*AIM OF THE EXERCISE*:
Even where a line looks wrong, copy it exactly and include every entry.
##########
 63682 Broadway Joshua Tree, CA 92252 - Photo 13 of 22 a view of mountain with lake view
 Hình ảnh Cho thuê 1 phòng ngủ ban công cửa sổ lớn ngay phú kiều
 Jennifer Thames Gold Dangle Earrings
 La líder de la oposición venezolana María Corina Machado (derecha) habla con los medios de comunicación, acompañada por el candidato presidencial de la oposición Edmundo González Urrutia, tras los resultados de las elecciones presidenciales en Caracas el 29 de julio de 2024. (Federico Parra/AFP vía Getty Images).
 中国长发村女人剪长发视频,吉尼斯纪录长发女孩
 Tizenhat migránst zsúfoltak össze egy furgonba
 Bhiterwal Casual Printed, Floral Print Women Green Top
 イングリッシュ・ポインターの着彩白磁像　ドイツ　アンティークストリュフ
##########
*WRITTEN ANSWER*:
 63682 Broadway Joshua Tree, CA 92252 - Photo 13 of 22 a view of mountain with lake view
 Hình ảnh Cho thuê 1 phòng ngủ ban công cửa sổ lớn ngay phú kiều
 Jennifer Thames Gold Dangle Earrings
 La líder de la oposición venezolana María Corina Machado (derecha) habla con los medios de comunicación, acompañada por el candidato presidencial de la oposición Edmundo González Urrutia, tras los resultados de las elecciones presidenciales en Caracas el 29 de julio de 2024. (Federico Parra/AFP vía Getty Images).
 中国长发村女人剪长发视频,吉尼斯纪录长发女孩
 Tizenhat migránst zsúfoltak össze egy furgonba
 Bhiterwal Casual Printed, Floral Print Women Green Top
 イングリッシュ・ポインターの着彩白磁像　ドイツ　アンティークストリュフ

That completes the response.